▶ _INFORMATION GIVEN_
-----
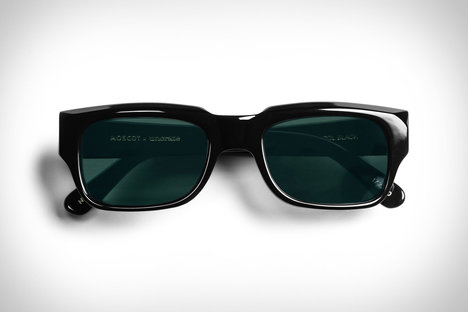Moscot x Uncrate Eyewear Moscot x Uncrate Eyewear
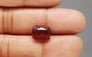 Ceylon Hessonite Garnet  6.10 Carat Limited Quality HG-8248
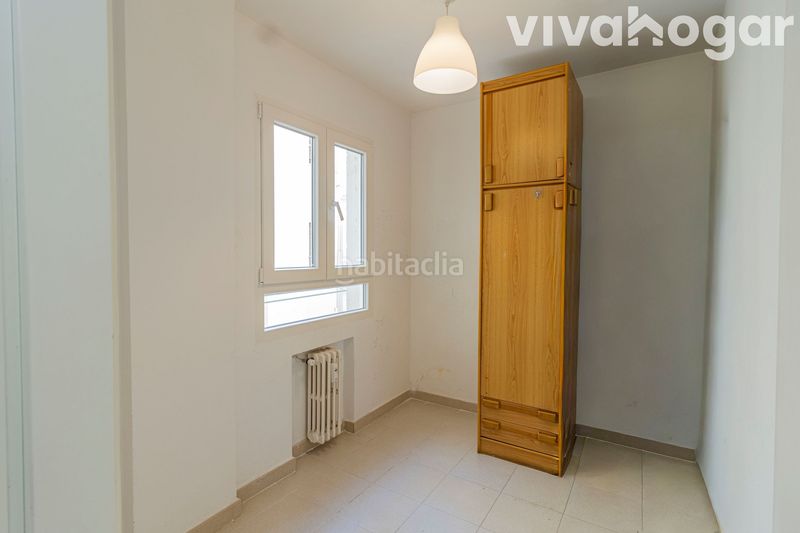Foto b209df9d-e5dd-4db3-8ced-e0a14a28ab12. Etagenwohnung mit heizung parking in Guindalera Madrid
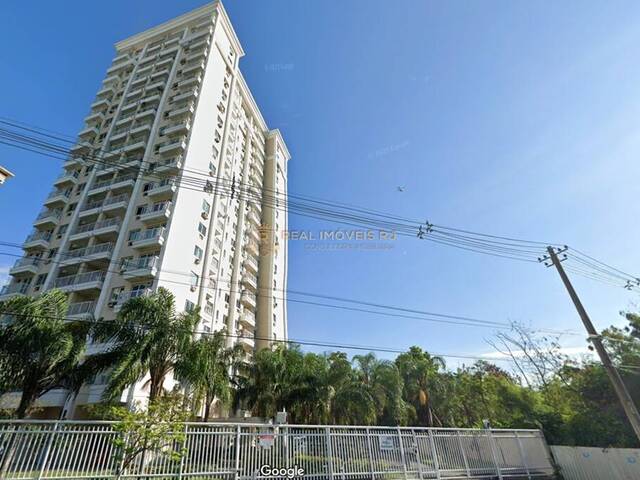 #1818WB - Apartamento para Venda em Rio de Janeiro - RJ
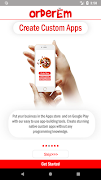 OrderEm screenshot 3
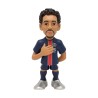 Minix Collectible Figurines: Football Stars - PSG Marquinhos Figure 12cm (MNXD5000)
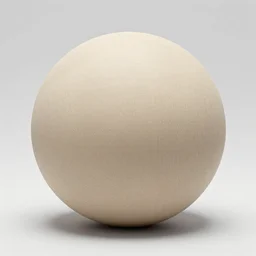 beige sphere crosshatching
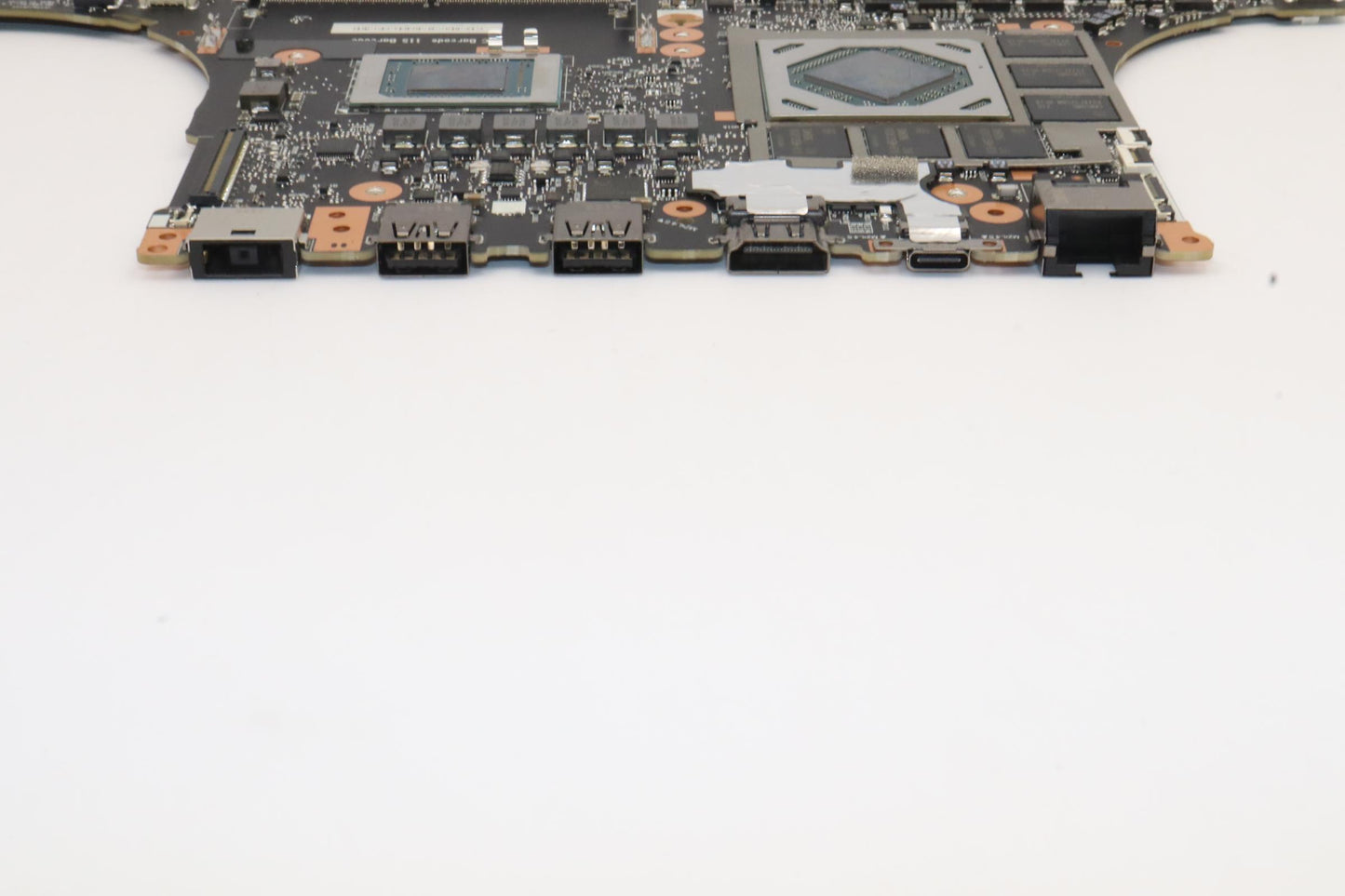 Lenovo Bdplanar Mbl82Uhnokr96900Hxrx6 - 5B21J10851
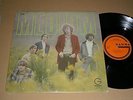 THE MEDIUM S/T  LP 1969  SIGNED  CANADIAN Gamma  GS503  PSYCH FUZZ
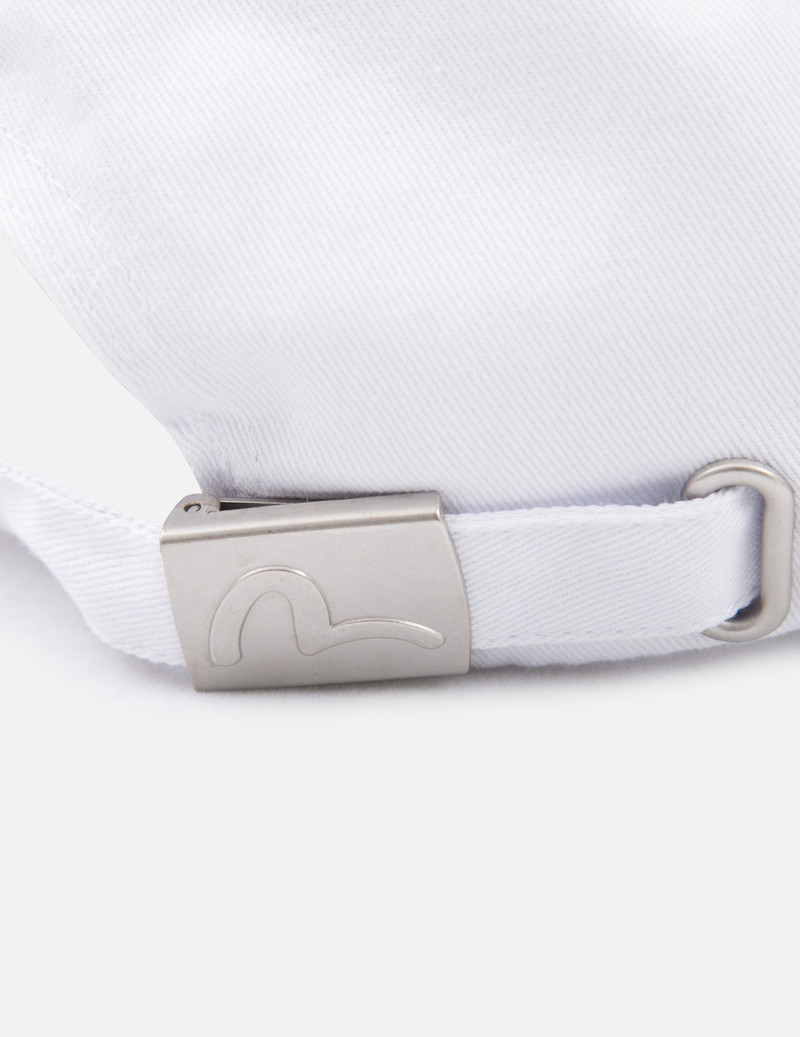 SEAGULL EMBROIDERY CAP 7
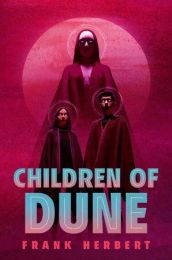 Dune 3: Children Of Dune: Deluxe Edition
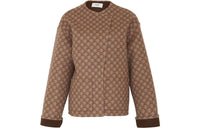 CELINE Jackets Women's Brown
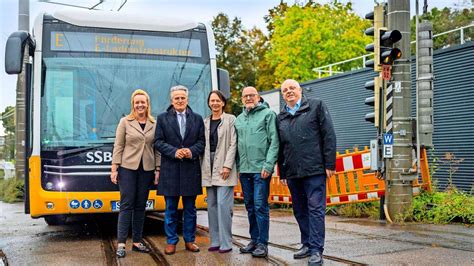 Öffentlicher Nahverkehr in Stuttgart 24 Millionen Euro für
-----
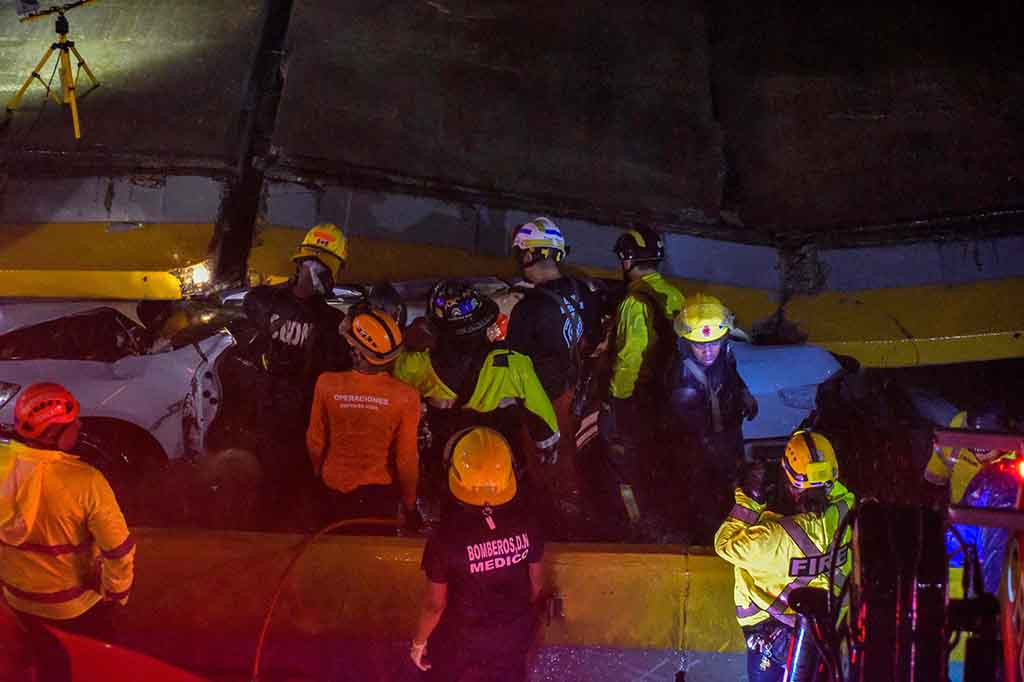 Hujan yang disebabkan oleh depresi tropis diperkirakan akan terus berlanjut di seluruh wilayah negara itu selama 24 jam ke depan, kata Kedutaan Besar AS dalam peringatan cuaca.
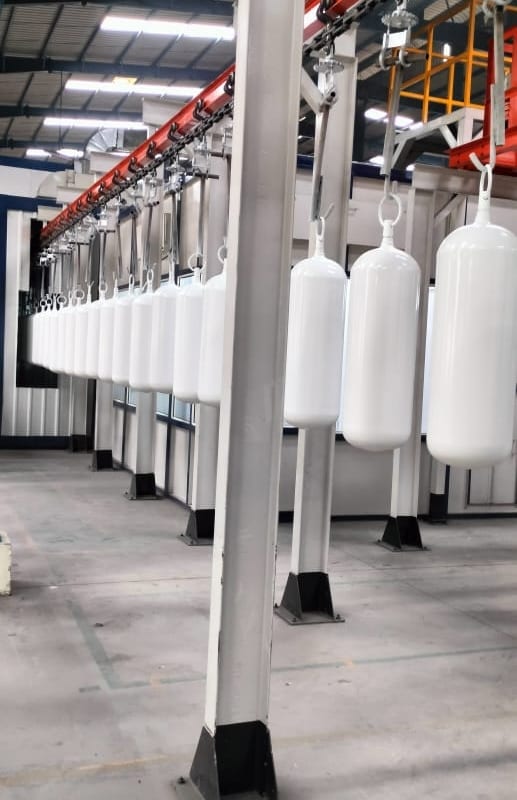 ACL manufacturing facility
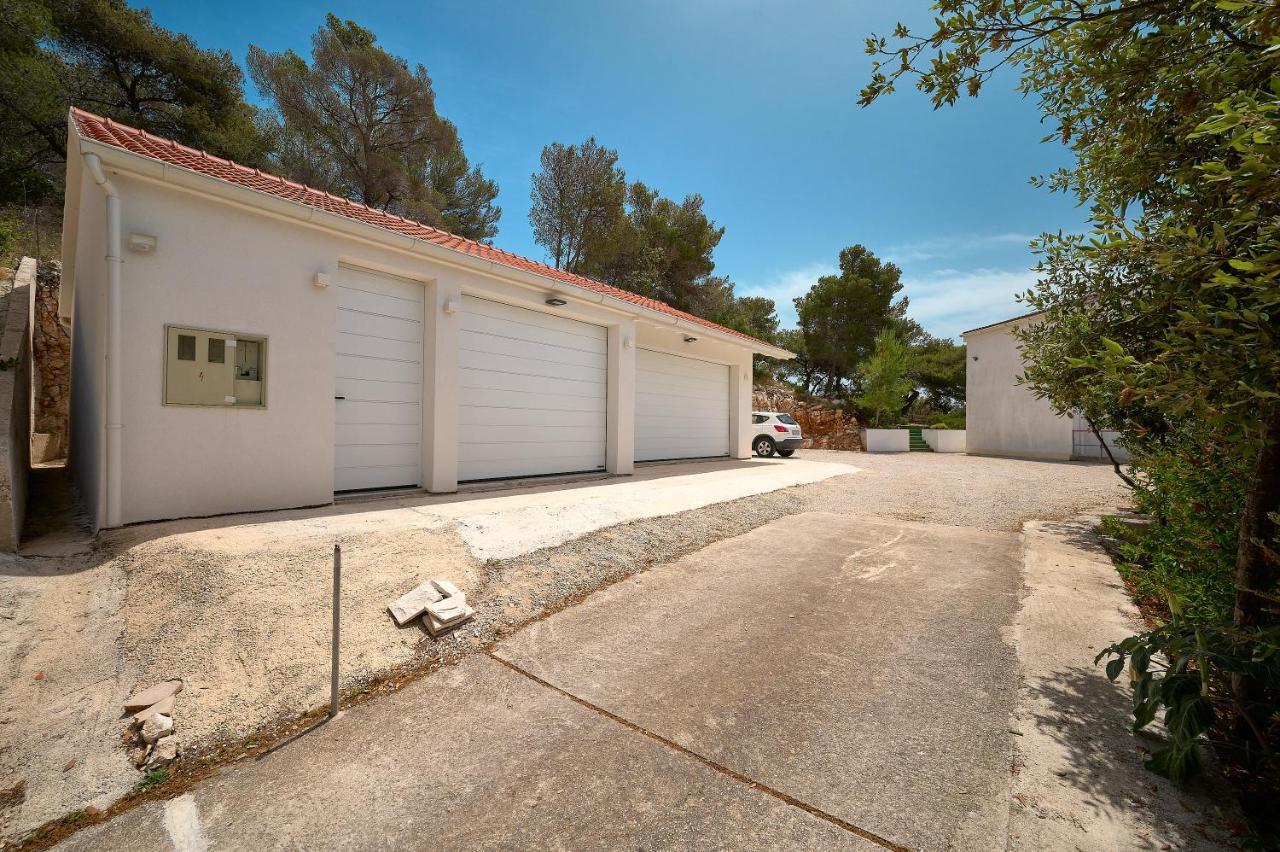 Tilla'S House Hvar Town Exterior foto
-----
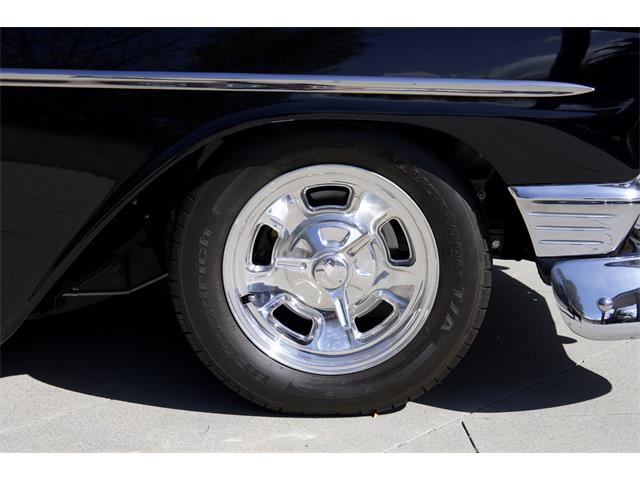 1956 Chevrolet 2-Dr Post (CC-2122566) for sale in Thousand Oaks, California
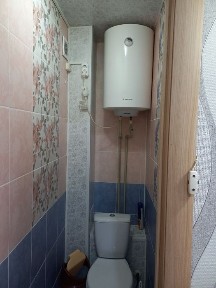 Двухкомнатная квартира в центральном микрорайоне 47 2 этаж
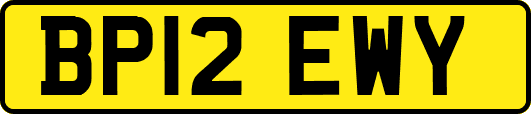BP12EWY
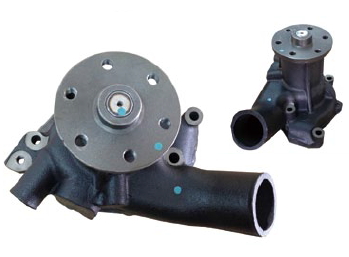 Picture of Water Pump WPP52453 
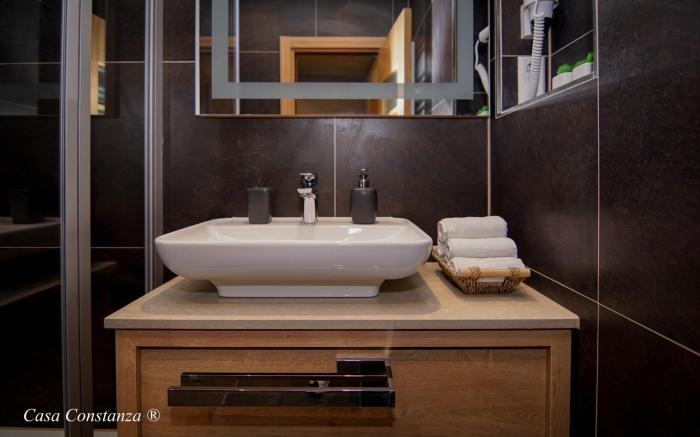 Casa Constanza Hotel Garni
-----
▶ _PROMPT_
Only the lines above from the one containing "Minix Collectible Figurines: Football" through the one containing "Öffentlicher Nahverkehr in" should be returned, verbatim and inclusive, with pictures excluded.

▶ _EXERCISE OUTPUT_
 Minix Collectible Figurines: Football Stars - PSG Marquinhos Figure 12cm (MNXD5000)
 beige sphere crosshatching
 Lenovo Bdplanar Mbl82Uhnokr96900Hxrx6 - 5B21J10851
 THE MEDIUM S/T  LP 1969  SIGNED  CANADIAN Gamma  GS503  PSYCH FUZZ
 SEAGULL EMBROIDERY CAP 7
 Dune 3: Children Of Dune: Deluxe Edition
 CELINE Jackets Women's Brown
 Öffentlicher Nahverkehr in Stuttgart 24 Millionen Euro für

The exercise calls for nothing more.